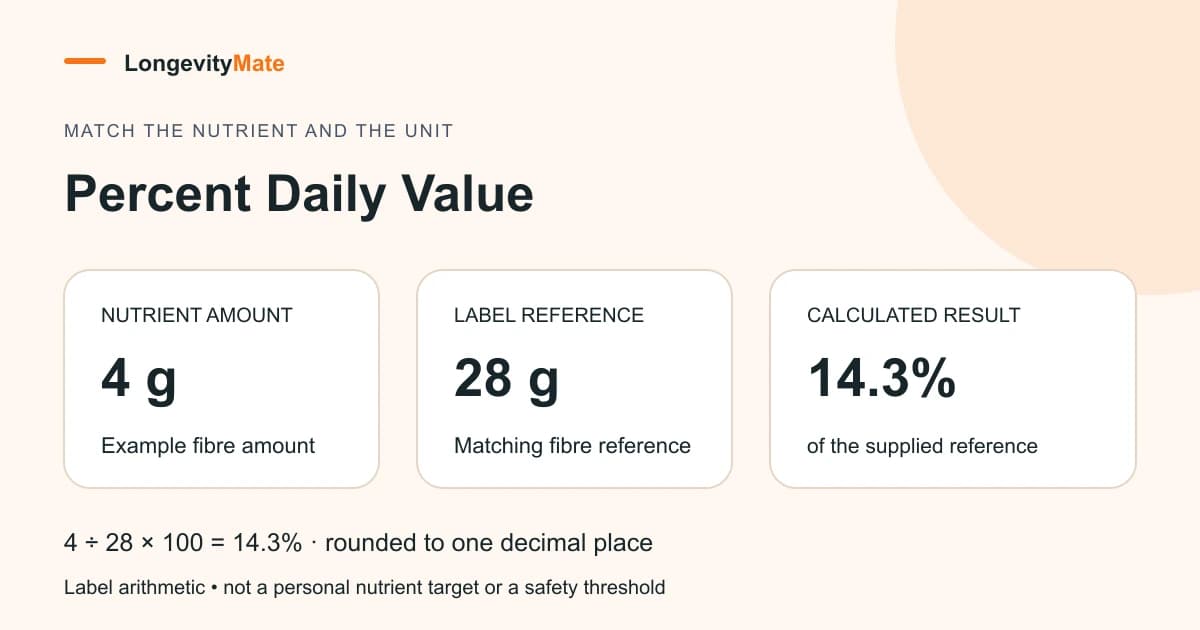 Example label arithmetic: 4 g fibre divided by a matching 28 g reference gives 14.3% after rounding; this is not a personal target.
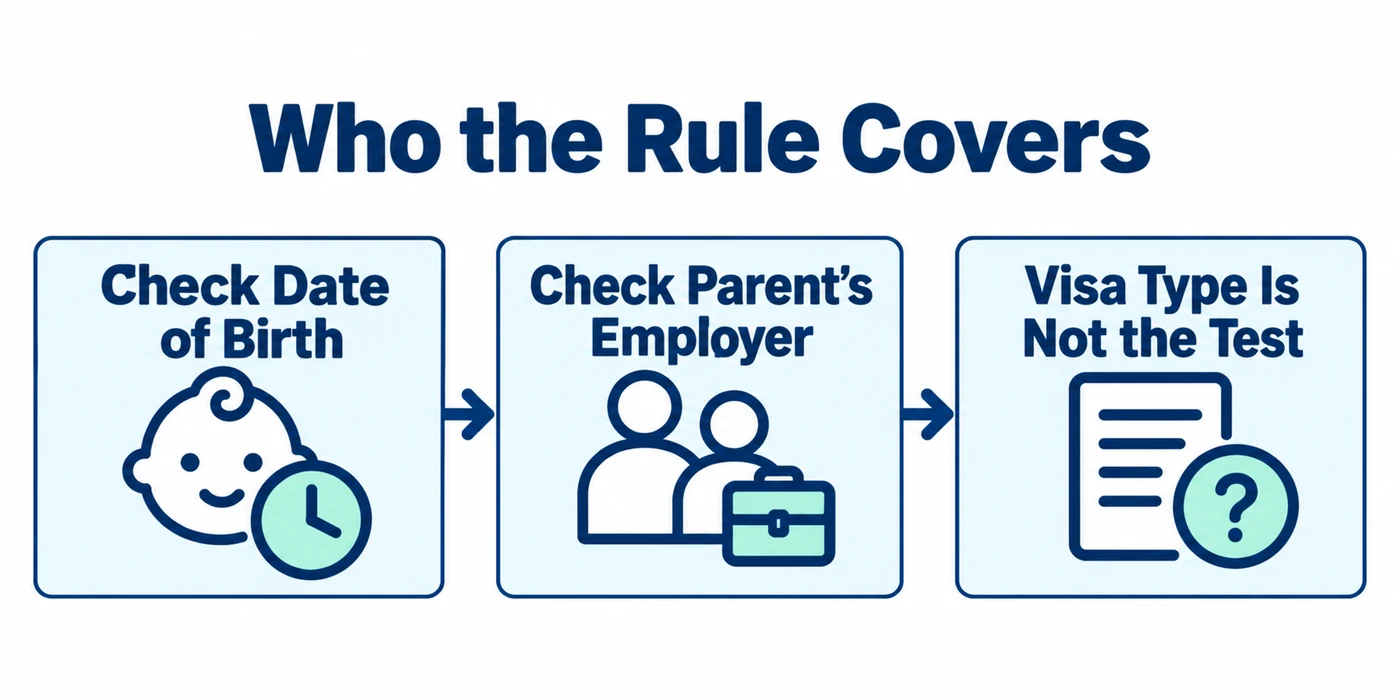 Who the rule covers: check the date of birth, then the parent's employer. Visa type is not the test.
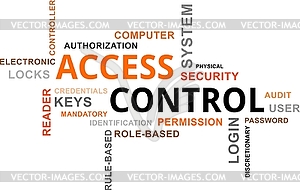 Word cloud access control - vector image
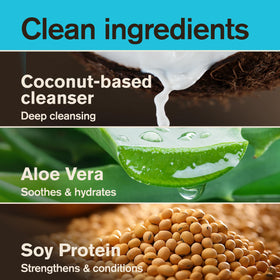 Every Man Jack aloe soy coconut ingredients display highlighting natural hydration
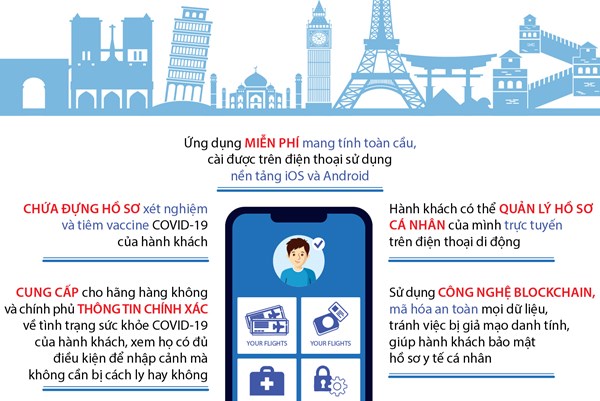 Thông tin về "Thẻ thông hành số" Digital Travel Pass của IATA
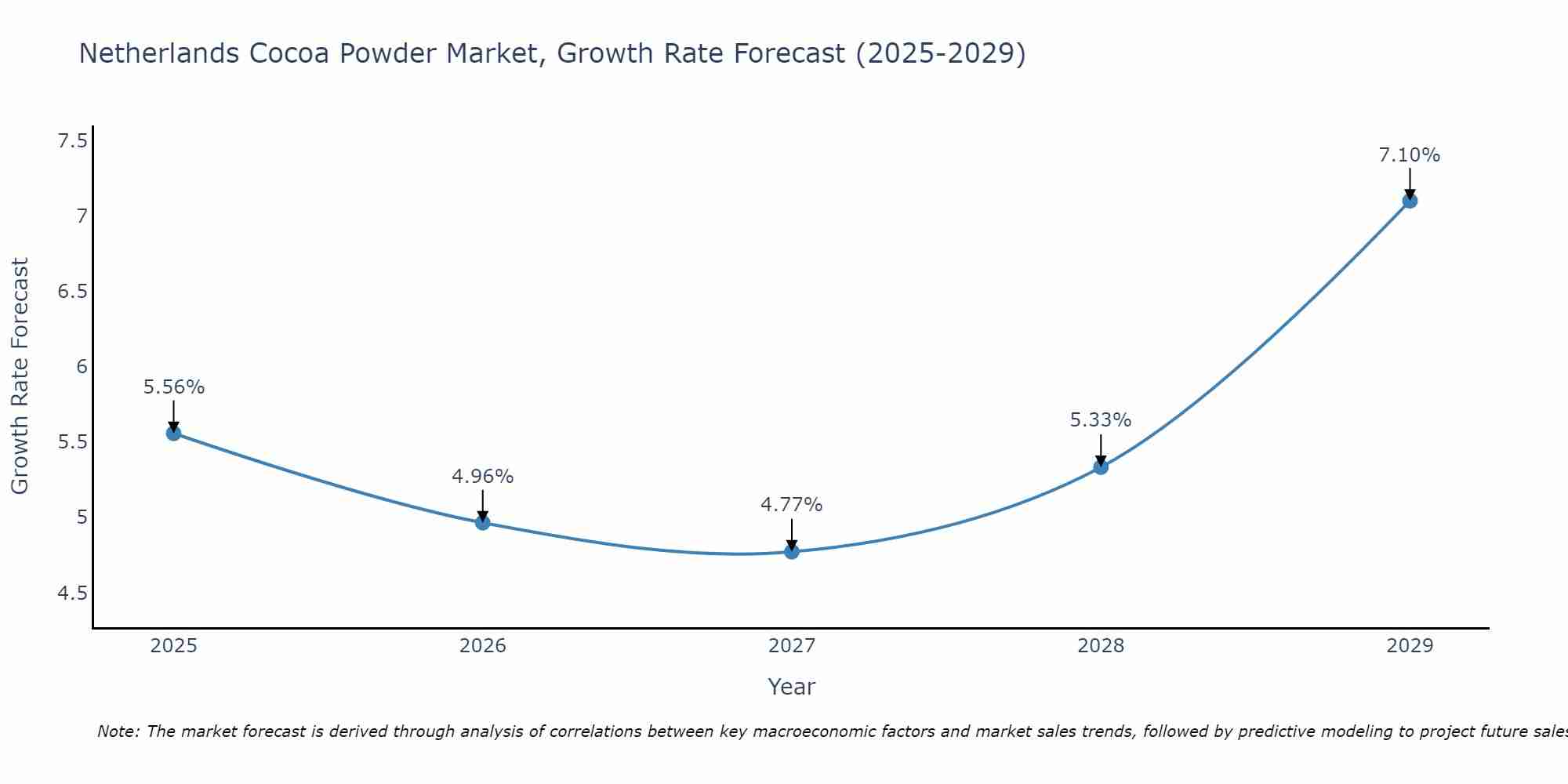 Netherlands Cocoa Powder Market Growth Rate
◆ ◆ ◆
Activity -> The lines to restate word for word run from the line that contains "Every Man Jack" through the end of the entries above, both ends included. Leave out all pictures and write nothing else.

Expected answer ->
 Every Man Jack aloe soy coconut ingredients display highlighting natural hydration
 Thông tin về "Thẻ thông hành số" Digital Travel Pass của IATA
 Netherlands Cocoa Powder Market Growth Rate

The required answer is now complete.